LONDON (Reuters): Hong Kong Exchanges and Clearing has made an unsolicited $ 39 billion takeover bid for the London Stock Exchange, an offer contingent on the LSE ditching its acquisition of data company Refinitiv.
The combination would help both exchanges compete better with rivals like ICE and CME from the United States. The LSE has long sought to bolster its presence in Asia and recently launched a link scheme with HKEX rival Shanghai.
“The Board of HKEX believes a proposed combination with LSEG represents a highly compelling strategic opportunity to create a global market infrastructure leader,” the Hong Kong exchange, HKEX, said in a statement on Wednesday.
In response to HKEX’s announcement, the LSE said it was committed to and continued to make good progress on its proposed acquisition of Refinitiv.
The takeover bid by the Hong Kong company comes as Britain is set to leave the European Union, a step some politicians fear could weaken its large financial sector.
HKEX, which already has a base in London as owner of the London Metal Exchange, said it had played a key role in underpinning the City of London’s position as a pre-eminent global centre for metals trading.

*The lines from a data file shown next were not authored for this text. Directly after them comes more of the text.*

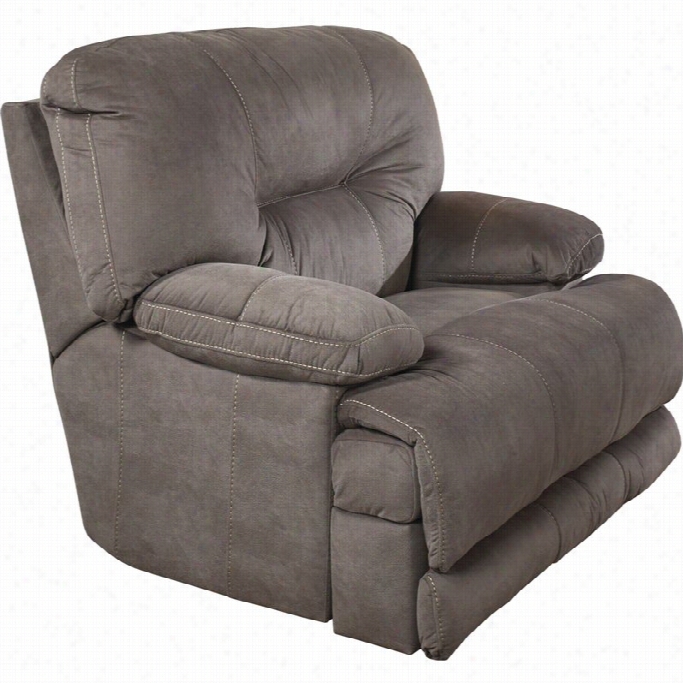 Catnapper Noble Power Lay Flat Fabric Recliner In Slate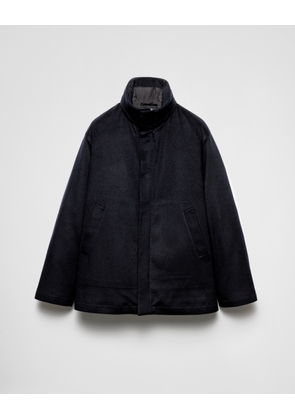 Medium-weight cashmere down jacket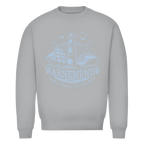 Sweatshirt Herren "Warnemünde Leuchtturm" #500 - beidseitiger Druck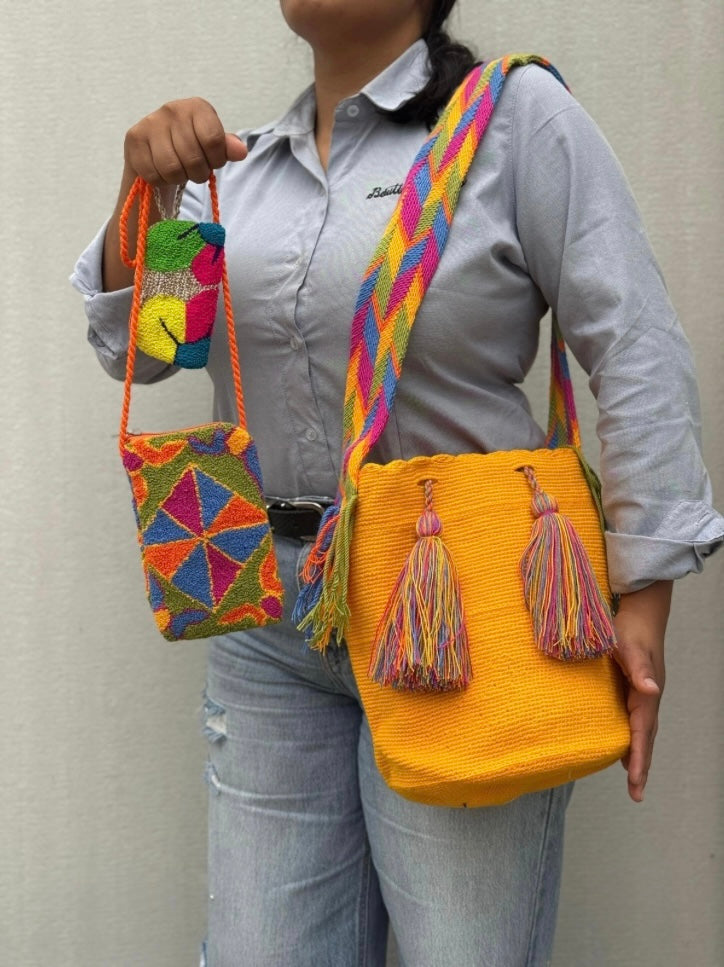 Combo: Mochila GRANDE + Portacelular + (MONEDERO GRATIS)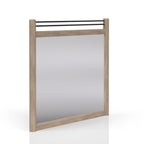 Sand Colored Poster Mirror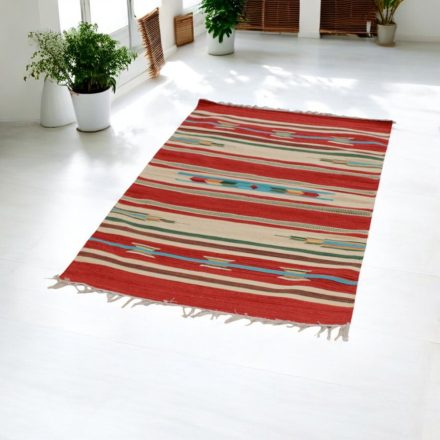 Indijska preproga Kilim 90x150 tanka bombažna preproga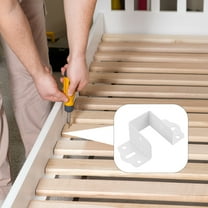 HEMOTON 4Pcs Furniture Bed Brackets Bed Rail Fasteners Replacement Bed Rail Hinges Hooks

“HKEX is fully committed to supporting and building the long term roles of both London and Hong Kong as global financial centres,” it added.
The proposed 31.6 billion pounds cash-and-share transaction would only go ahead if the LSE’s proposed takeover of Refinitiv does not proceed, HKEX said.
The LSE announced in August that it has agreed to buy Refinitiv in a $27 billion deal aimed at transforming the exchange into a market data and analytics giant.
Refinitiv declined to comment. Its majority shareholder Blackstone had no immediate comment, while minority shareholder Thomson Reuters declined to comment. Reuters news agency is a unit of Thomson Reuters.
The bid for the LSE comes at a time when HKEX is beset by political turmoil. Pro-democracy protesters lit fires and vandalised a metro station near the exchange on Saturday as increasingly violent clashes with police move into their fourth month.
“This is not helpful. As a financial centre, trust and confidence are important,” HKEX CEO Charles Li said of the protests last month, when HKEX reported a 21% fall in trading fees in the first half of the year.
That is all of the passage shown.